Las previsiones del gobierno son que unas 200.000 personas de todo el mundo pedirán la entrada en Alemania a partir de la puesta en marcha de la ley. Sin embargo, bajo el sistema de Carta Verde inaugurado en el año 2000 y destinado a captar profesionales cualificados tan sólo han entrado 16.500 personas. Una minucia insignificante que ha hecho que algunos especialistas se replanteen el asunto de la inmigración.
 
En declaraciones a la revista Time Holger Schläfer, economista del Instituto de Economía Alemana de Colonia, afirmaba que la “ley por si sola es incapaz de crear un entorno lo suficientemente agradable como para atraer a los potenciales candidatos”. Schläfer no anda errado en su apreciación. De poco vale un texto legal si no va acompañado de prosperidad económica e incentivos adecuados al trabajo productivo.
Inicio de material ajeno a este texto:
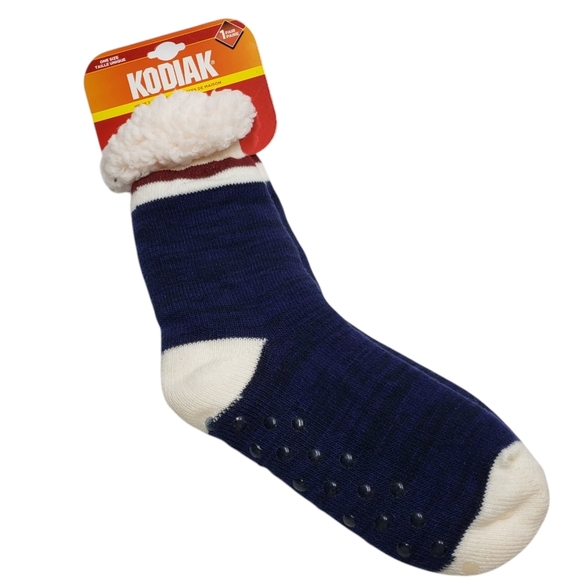 New Kodiak Home Sock Non Slip Blue White One Size Warm Cozy - Picture 8 of 8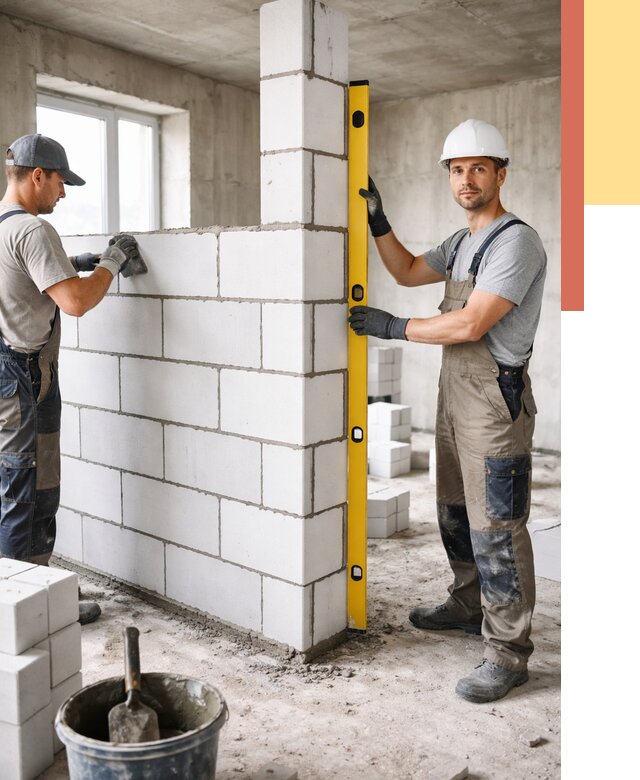 Кладка перегородок из пеноблока в Хабаровске от 1852 руб. под ключ | ОТДЕЛОЧНИК-Хбр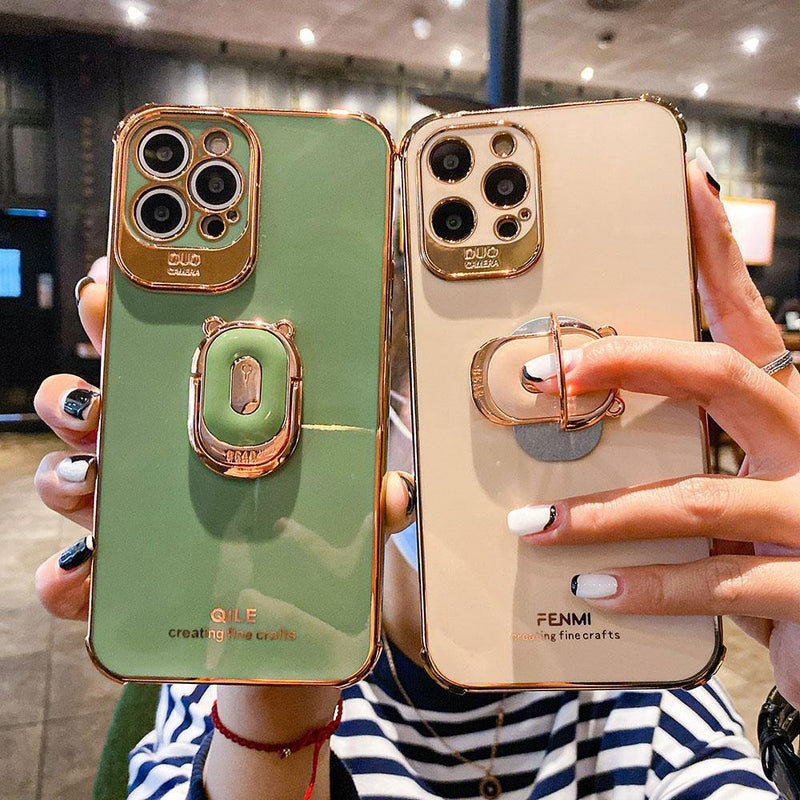Luxury Anti-Knock iPhone Cases - Light Green & Pink - VoxxCase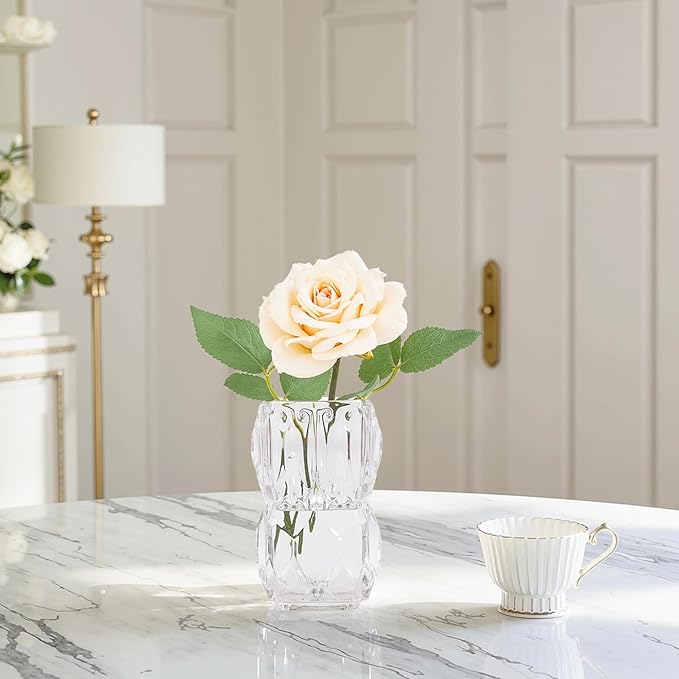 VECELO Crystal Glass Vase - Textured Clear Flower Vase for Fresh Flowers & Hydroponic Plants, Modern Decorative Centerpiece for Dining Table, Coffee Table & Home Décor, 7.28 Inches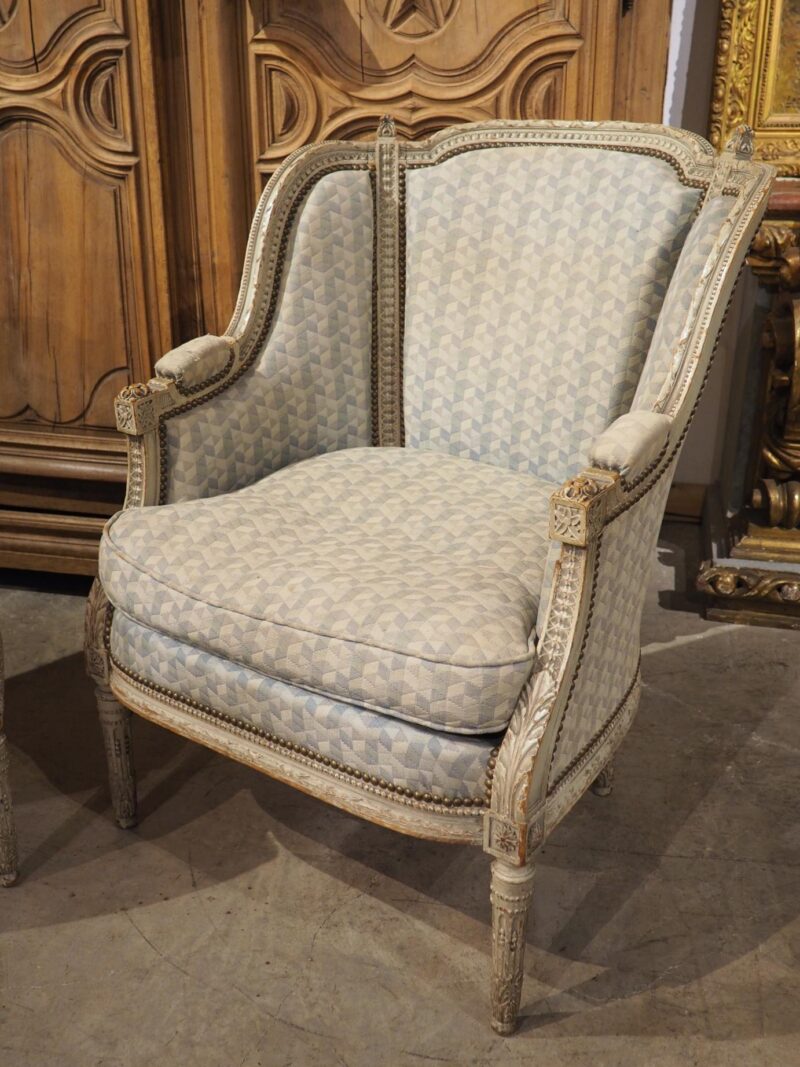 Rare Pair of Period French Louis XVI His and Hers Bergère Armchairs, Circa 1780 - Image 3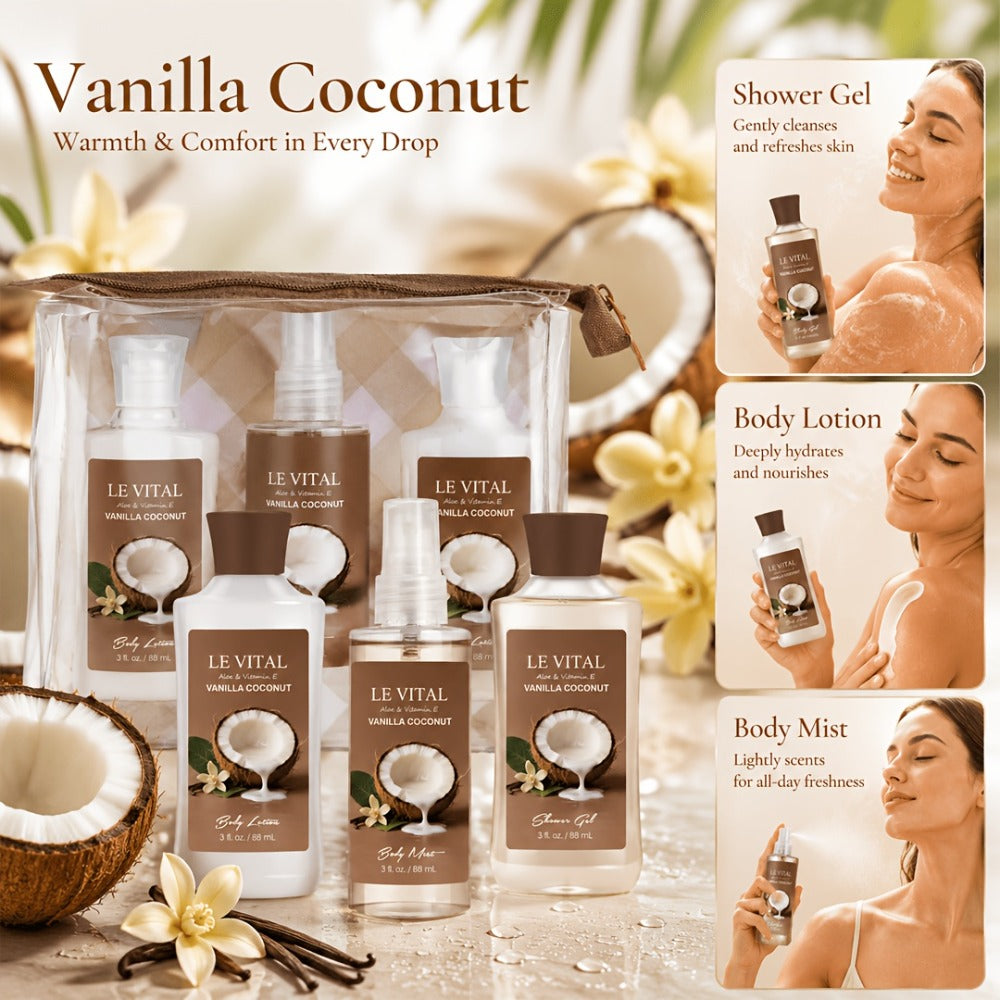Bath Body Care Gift Set Shower Gel Body Lotion Body Mist Aloe Vera Vitamin E Glycerin Deep Moisturizing Fragrance Set for Wom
La economía alemana, desgraciadamente, no es un modelo de “entorno agradable”. Los futuros emigrantes que se acojan a la ley de inmigración soportarán una carga fiscal excesiva, regulaciones por doquier y una legislación medioambiental que roza con el absurdo.
 
El gobierno en definitiva no puede atraer mano de obra por arte de birlibirloque. Es la robustez de una economía y las oportunidades que presenta lo que actúa como un imán sobre los potenciales inmigrantes, cualificados o no. Si a California cada año llegan cientos de cerebros en busca de una oportunidad no es porque el gobierno federal les haya puesto un cebo sino porque, de manera individual, cada emigrante ha considerado que en ese lugar puede conseguir lo que se ha propuesto.
 
Si Schröder quiere atraer emigrantes ambiciosos, con espíritu de superación y formación técnica debe empezar flexibilizando el entramado legal y facilitando las posibilidades de crear riqueza. Tendrá, en resumen, que dar juego al libre mercado y dejar a un lado esas leyes cargadas de buenas intenciones y efectos negativos imprevisibles.